Abraham Lincoln was known as a storyteller, something you could get away with in the politics of 19th-century America, back before social media made it a liability. Almost every one of the personal reminiscences of people who knew him comment on this trait one way or another. It was one of the things that made him who he was.
One of this favorite stories was that of a man being run out of town on a rail. “If it weren’t for the honor of the thing,” the man says at the end, “I’d just as soon walk.”
I thought about this story a lot yesterday, as we walked around the Wisconsin State Fair.
For those of you unfamiliar with the Wisconsin State Fair, it is pretty much what you would expect to happen when you take far too many residents of a state famous for beer consumption and concentrate them into a square-mile plot of land full of carnival rides, fried food, and livestock.
Feeding time at the human zoo, in other words.
But it was an honor to be going, because this was the State Fair debut of our 4H Drama production from May. And in the end, a good time was had by all.
Even me. Go figure!
When we won the Drama Festival in May it came with an invitation to perform at the State Fair. On the one hand, this is in fact a nice honor and very exciting for the kids. They worked very hard to achieve this and it is good to see them recognized for it. On the other hand, it meant corralling nearly two-dozen kids and their families – by definition rather high-involvement people and therefore folks with limited time to spare – into several pick-up rehearsals (because who remembers lines from three months earlier?) and then the State Fair itself. And since the tech stuff that was integral to the play could not be transferred to the stage at the State Fair, it also meant a certain amount of both re-writing the play and rejiggering what tech could be done.
So Addison and Jamie rewrote the play to accommodate the bits we couldn’t do, and Tabitha and Kim downloaded sound cues onto the iPod to take care of the bits we could, and it was good.

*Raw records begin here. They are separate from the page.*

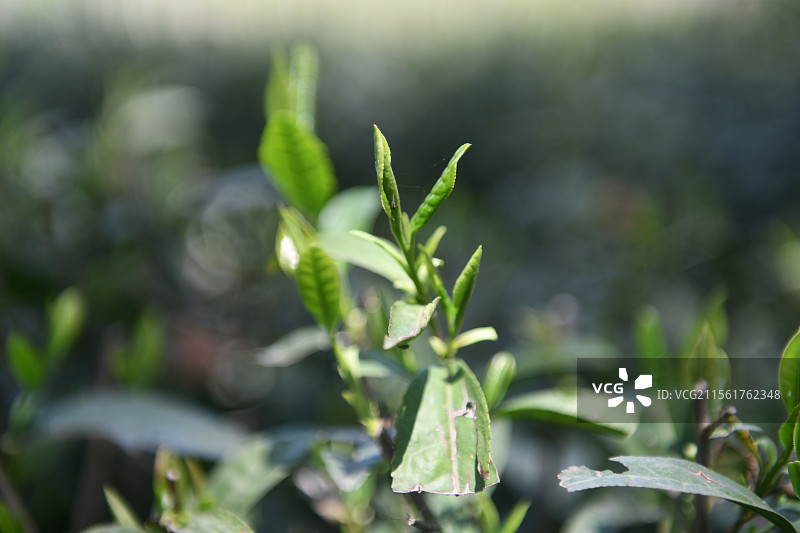 安徽六安：中国十大名茶六安瓜片茶园图片素材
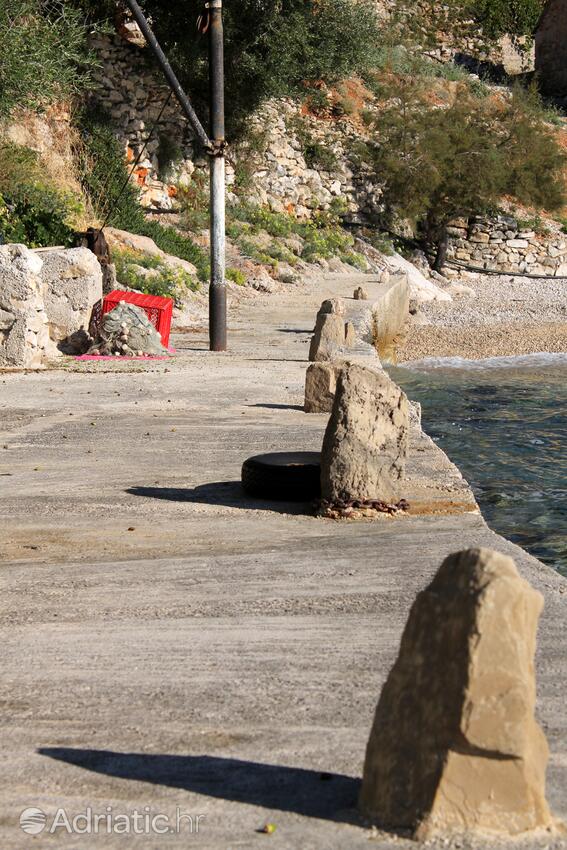 Torac en la isla Hvar (Srednja Dalmacija)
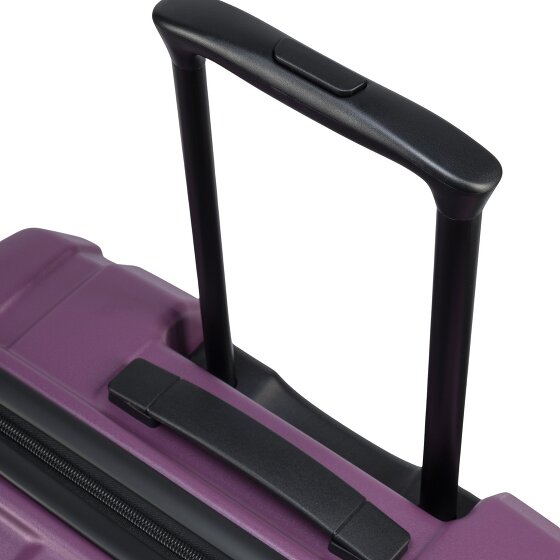 Epic Crate EX Wildlife 4 ruote Set di valigie 3 pezzi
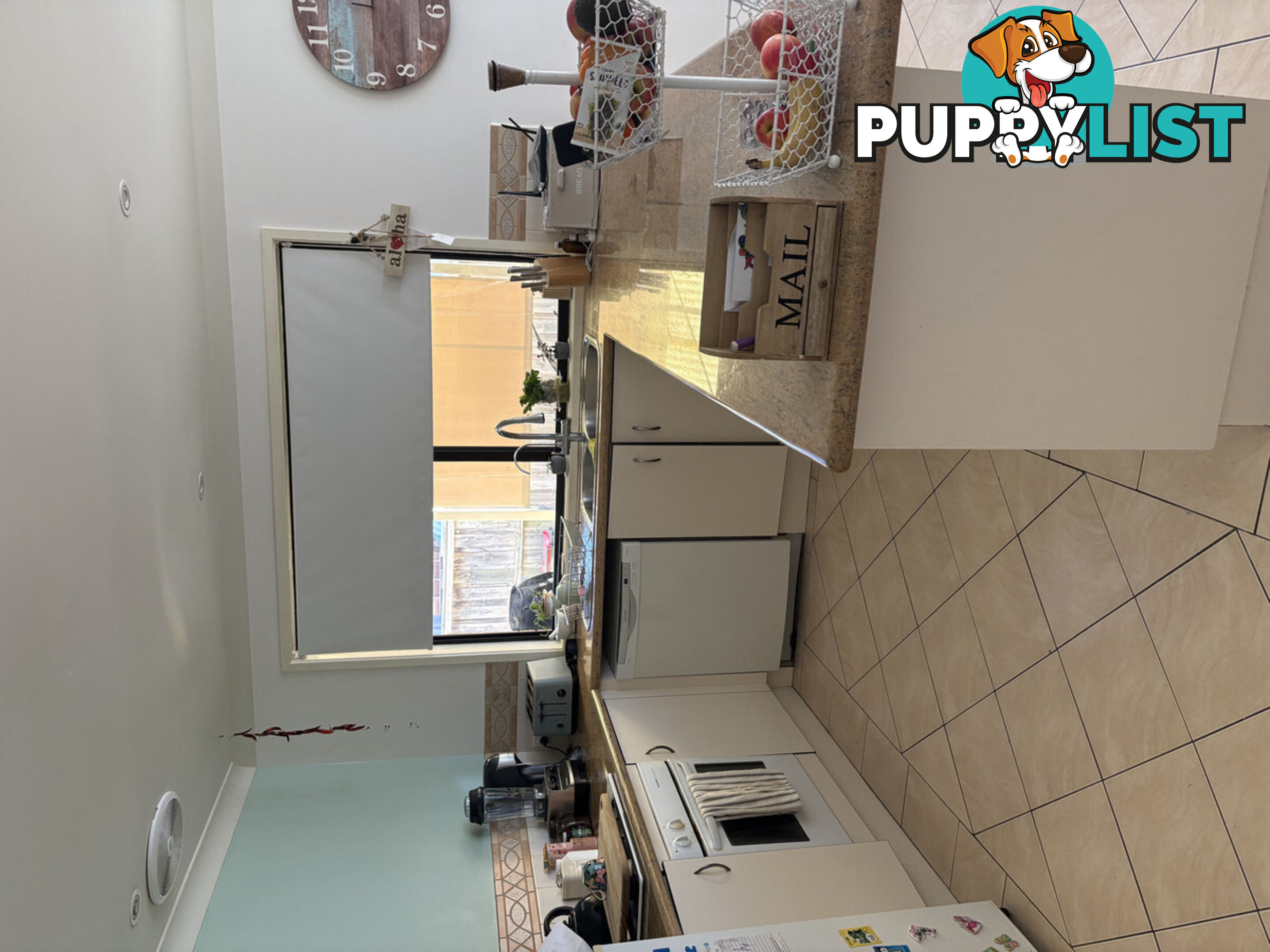 20 Tuart Circle Narellan Vale NSW 2567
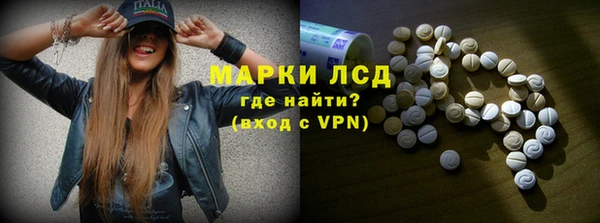 индика Богданович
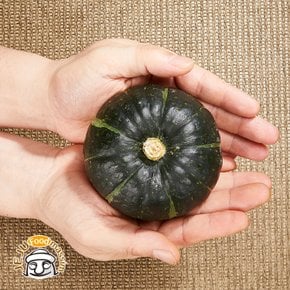 포슬포슬 제주 미니밤단호박 8kg (특품, 16-36개, 250-550g/개)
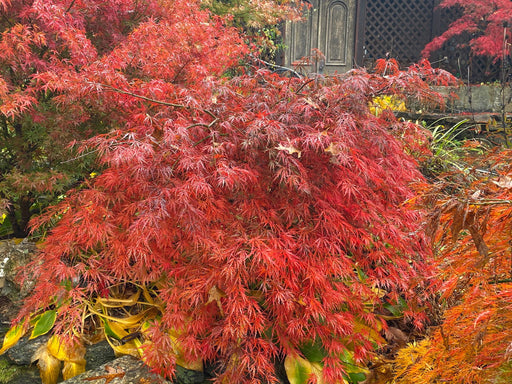 Acer palmatum 'Heartbeat' Weeping Red Japanese Maple - Mr Maple │ Buy Japanese Maple Trees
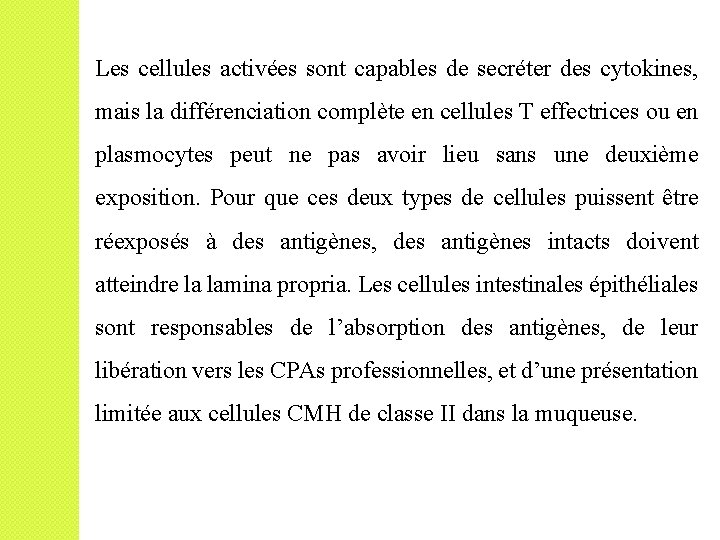 Les cellules activées sont capables de secréter des cytokines, mais la différenciation complète en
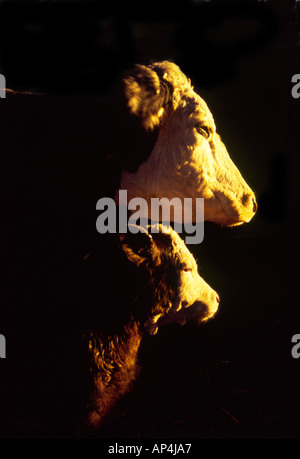 Vache et son veau au coucher du soleil avec le soleil du soir dans leurs visages Banque D'Images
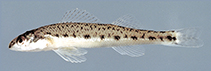 Image of Percina copelandi (Channel darter)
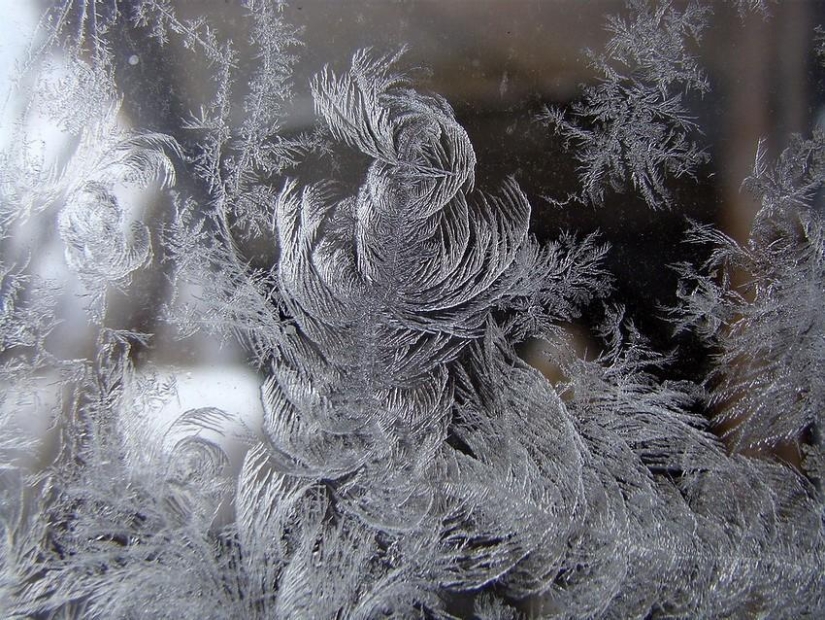 Magia de invierno sobre vidrio Magia de invierno sobre vidrio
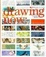 Cover of Drawing Now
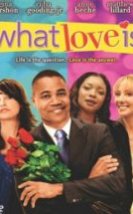 Aşk Dediğin Nedir? What Love Is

We showed up to the Fair at about 8:15 on Sunday morning, which is apparently what you have to do if you want to get a parking spot anywhere near the actual Fairgrounds. They had given us an Access Pass so we could drop off our props and costumes at the Youth Center – they would be transported by golf cart to the stage later – but this didn’t come with parking privileges, so we eventually found a nice spot in the lot near the north entrance to the Fairgrounds.
We made our way onto the grounds and immediately saw this:
Whether this was a typo, as I thought, or a sign that the sugar had been caffeinated, as Lauren suggested, we never found out.
We found the stage fairly quickly and set about getting ready. We worked out the sound cues with the crew there, did a quick read-through of lines, and then got into costume.
The kids actually performed three times, but for the sake of simplicity I’m going to lump the photos together here.
Once the morning performance was over we pretty much had the day to run about the Fair. Our first show was about midmorning and the last two weren’t until late afternoon, which gave us about five hours to wander about the place.
Sweet dancing monkeys on a stick, but it was packed with both people and stuff.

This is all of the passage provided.